Thus, the threshold hurdle Nash encounters is the district court ruling that BU's successful affirmative defense of fraud in the inducement of the early retirement agreement precluded his ERISA claims. For present purposes we assume, arguendo, that an agreement of the type executed by BU and Nash would constitute an "employee benefit plan" under ERISA. We likewise assume, again without deciding, that state law contract principles are preempted under ERISA. 8

ERISA contains no body of contract principles informing the interpretation and enforcement of employee benefit plans.
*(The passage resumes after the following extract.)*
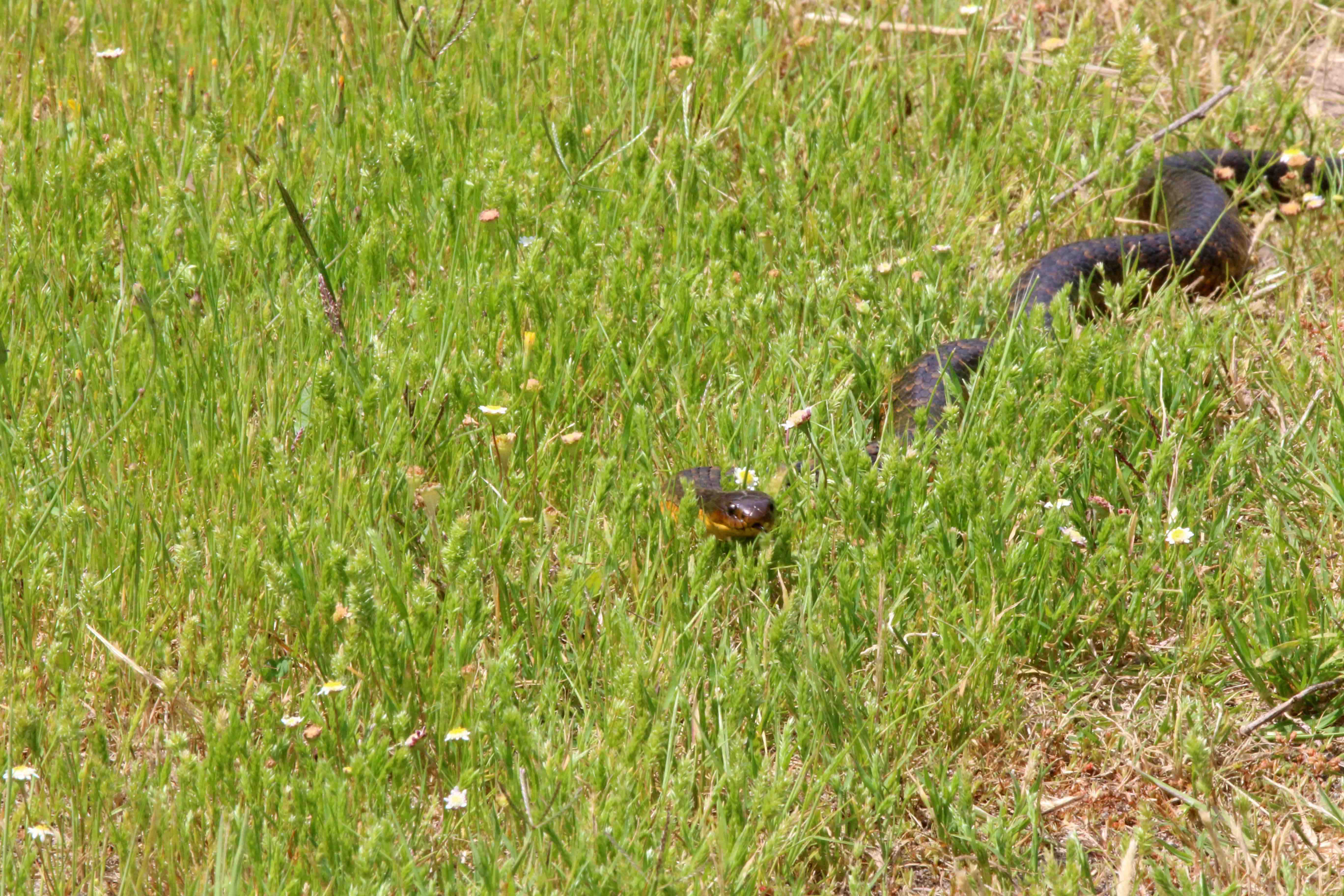 Fauna Reptilia Tiger snake Notechis scutatus 02 WEB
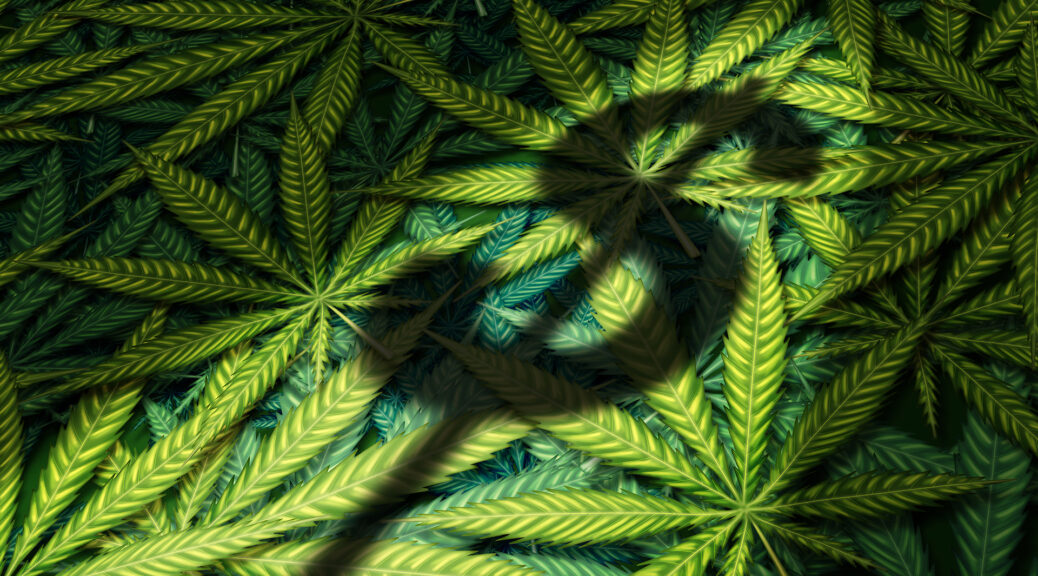 Interesting Facts About The Cannabis Industry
Scott v. Gulf Oil Corp., 754 F.2d 1499, 1501-02 (9th Cir.1985) (acknowledging absence of contract principles); Rockney v. Blohorn, 877 F.2d 637, 643 (8th Cir.1989) (same). Congress intended instead "that a federal common law of rights and obligations under ERISA-regulated plans would develop." Pilot Life, 481 U.S. at 56, 107 S.Ct. at 1558. Kwatcher v. Massachusetts Service Employees Pension Fund, 879 F.2d 957, 966 (1st Cir.1989); Burnham v. Guardian Life Ins. Co., 873 F.2d 486, 489 (1st Cir.1989).

The ERISA claim presented by Nash depends on whether the body of federal common law contract principles Congress left to judicial development permissibly encompasses the affirmative defense of fraud in the inducement of the alleged ERISA plan. As we have recognized, "Congress specifically contemplated that federal courts, in the interests of justice, would engage in interstitial lawmaking in ERISA cases in much the same way as the courts fashioned a federal common law of labor relations under section 301 of [the Labor Management Relations Act]." Kwatcher, 879 F.2d at 966 (emphasis added); see Pilot Life, 481 U.S. at 55-56, 107 S.Ct. at 1557-58 (discussing legislative history). The approach is to be a flexible one. As the Supreme Court observed regarding the development of federal common law under section 301 of the Labor Management Relations Act:

[Some legal problems] will lie in the penumbra of express statutory mandates. Some will lack express statutory sanction but will be solved by looking at the policy of the legislation and fashioning a remedy that will effectuate that policy. The range of judicial inventiveness will be determined by the nature of the problem. Federal interpretation of...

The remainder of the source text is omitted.